We also used the cpGFP-Nb39 motif to create a new tool allowing a user-defined time window for recording GPCR ligands, based on SPOTIT. While SPOTIT can sensitively and robustly detect GPCR ligands, the tool has poor temporal resolution, resulting in a gap in our ability to define when these GPCR ligands are released. The new tool, MAturation-based Protease-gated Indicator Tool (MAPIT), relies on the small molecule doxycycline-induced expression of a protease that can activate the integrator, enabling it to begin accumulating signal. Notably, MAPIT's time gating preserves the advantages of having a sensor on a single-chain. Additionally, using doxycycline for the time gating results in minimal interference with biological processes. As a small molecule-based time gating, instead of light-based systems, doxycycline can also diffuse through large volumes and have enhanced tissue penetration, which is important for detecting neurotransmitters that often travel far from their release site. We expect this time-gated GPCR ligand reporter to be expandable to the SPOTall system to detect other GPCR ligands besides opioids. This tool would potentially allow for the first time-gated recording of GPCR ligands across a large volume at high spatial resolution.

Results

Designing and characterizing the SPOTon sensor for protease detection

Tracking protease activity is important for studying many cellular processes. While some cleavage events are required for proper cell signaling, unregulated protease activity has been linked to cancer. Additionally, protease activity plays a crucial role viral infection.¹⁷ Detection of protease activity, especially by a generalizable tool that can be compatible with many protease types, is crucial for studying a variety of biological processes. As a genetically encoded protease sensor, SPOTon would enable detection in animal models across the organism with enhanced spatial resolution and cell type analysis. Analyzing protease activity across different cell types can reveal the specific cells involved in crucial cellular processes, especially during viral infections. Therefore, it is advantageous to have genetically encoded tools that can track protease activity with high sensitivity.

SPOTon provides a versatile single-component integrator system for detecting protease cleavage activity and was previously demonstrated with the tobacco etch virus (TEV) and hepatitis C virus (HCV) proteases.¹¹ In SPOTon, the cpGFP is attached to Nb39 with a linker that includes a protease cleavage site (Fig. 1A). In the absence of protease, the cpGFP fluorophore maturation is inhibited by Nb39. Protease cleavage results in the removal of Nb39 from cpGFP, leading to fluorescence increase. Although the cpGFP-Nb39 motif is robust in SPOTon, we needed to ensure that this motif would be versatile enough to accommodate many types of proteases, which have cleavage sites that can greatly vary in length. To characterize SPOTon's dependence on linker length and to determine if longer linkers reduce the interaction between Nb39 and cpGFP in the absence of protease cleavage, we fused the cpGFP to the Nb39 via an HCVp cleavage site (HCVcs) with linkers of different lengths on either side (Fig. 1B and Fig. S1, ESI†). We characterized the SPOTon fluorescent signal with and without the HCV protease (HCVp). Even with the longest linkers tested, using 15 amino acids on either side of the cleavage site, the SPOTon sensor still produced a robust signal-to-background ratio (SBR) of 28. This shows that SPOTon is functional with long linker lengths, and therefore, even a long protease cleavage site can be tolerated and would not affect Nb39 inhibition of cpGFP fluorophore maturation in the absence of protease cleavage.

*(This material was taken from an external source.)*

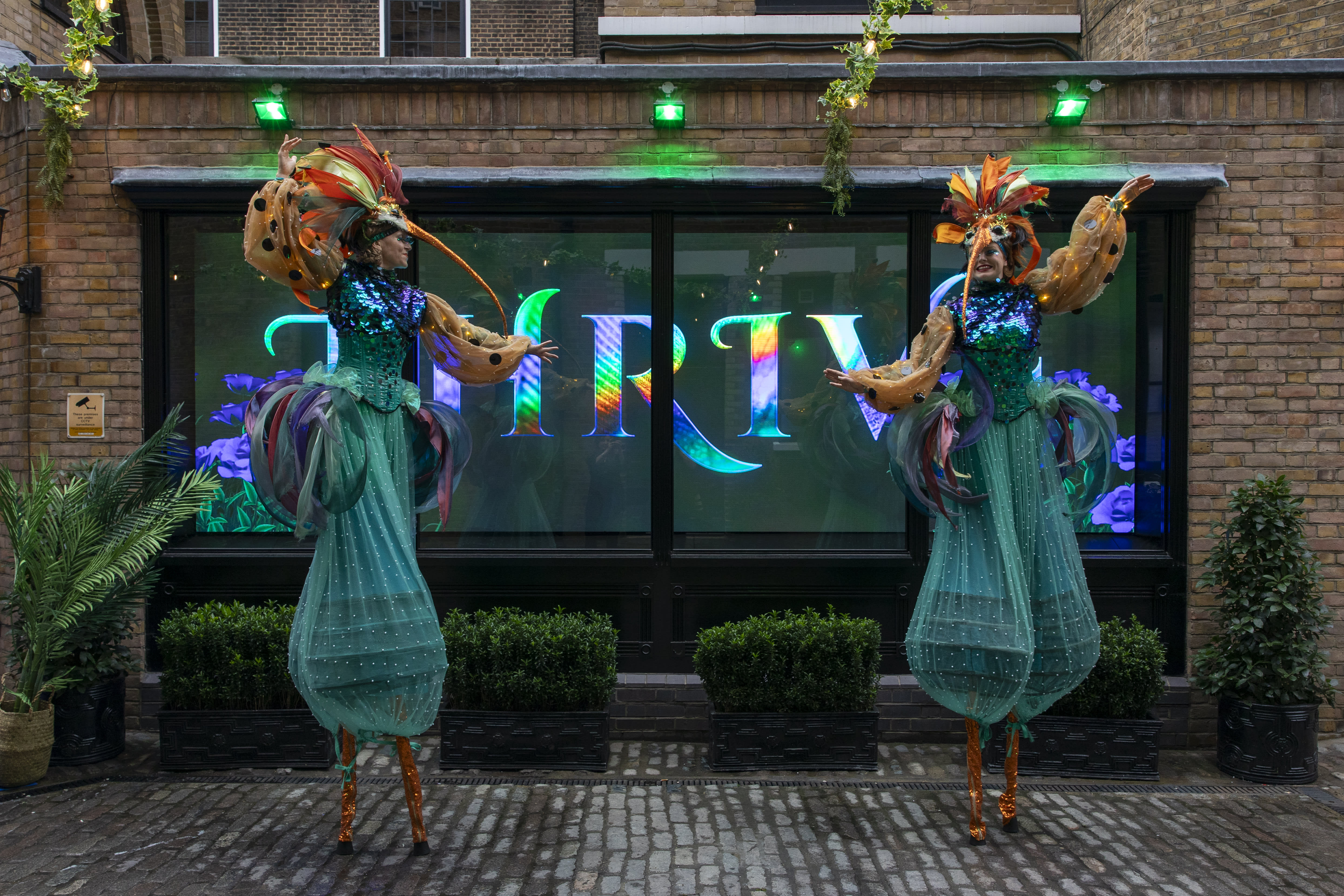 Two stilt-walking performers, dressed as hummingbirds, stand in front of a screen that reads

Fig. 1 Characterization of SPOTon protease sensor. (A) Schematic of the SPOTon sensor. cs, cleavage site. (B) Testing different lengths of linkers around the hepatitis C virus cleavage site (HCVcs) in HEK293T cells. (C) Mammalian brain data of HCVp SPOTon. For (B) and (C) the thick horizontal bar is the mean value of three technical replicates (n = 3 and 4 for (B) and (C), respectively). The error bars represent SEM. The number above the stars is SBR between the two conditions and the stars indicate statistical significance. ****P < 0.0001, ***P < 0.001. **P < 0.01 Significance was calculated using an unpaired, two-tailed Student's t test for (B) and paired, two-tailed Student's t test for (C).

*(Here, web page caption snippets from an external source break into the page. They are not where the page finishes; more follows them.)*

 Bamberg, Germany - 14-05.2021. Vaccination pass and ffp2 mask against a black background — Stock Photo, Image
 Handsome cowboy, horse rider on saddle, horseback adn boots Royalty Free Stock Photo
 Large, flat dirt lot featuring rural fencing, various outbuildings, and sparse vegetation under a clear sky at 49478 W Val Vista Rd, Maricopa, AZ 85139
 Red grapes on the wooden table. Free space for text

Next, we tested the suitability of SPOTon in mouse models, using HCVp-SPOTon. A concentrated AAV of mixed 1/2 serotype encoding the SPOTon sensor was injected into both the ipsilateral and contralateral sides of the mouse brain, with additional HCVp-encoding AAV co-injected on the ipsilateral side. In this setup, the contralateral side of the brain would show the background readout of the sensor in the absence of protease activity, and the ipsilateral side of the brain would show the sensor activation in the presence of protease activity. Seven days after the viral injection, the brain tissues were harvested for fluorescence analysis. The number of cells with green sensor fluorescence activation was compared between the contralateral side and the ipsilateral sides of the brain slices. Notably, we saw a high SBR of 29, indicating the SPOTon sensor is robust for use in mouse brains (Fig. 1C).

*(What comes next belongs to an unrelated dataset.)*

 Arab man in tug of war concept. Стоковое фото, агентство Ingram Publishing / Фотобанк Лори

SPOTon sensor for coronavirus protease detection

Due to the importance of proteases in viral infection, and the serious impact of SARS-CoV-2 pandemic on global public health systems, we further developed SPOTon for detecting Mpro, the main protease of the coronavirus. We tested six cleavage sites that had been characterized for their specificity for Mpro^18–21 (Fig. 2). Among the cleavage sites tested, VARLQ↓SGF showed the best Mpro-dependent fluorescent activation, based on having the highest SBR, and a brighter overall signal compared to VTFQ↓SAVK, which had the same SBR. Even though AVLQ↓SGFR was previously found to exhibit high cleavage efficiency, we observed low activation signal in our sensor design.¹⁸ The immunofluorescence indicates low protein level using AVLQ↓SGFR, which could likely result from low protein stability for this sensor construct.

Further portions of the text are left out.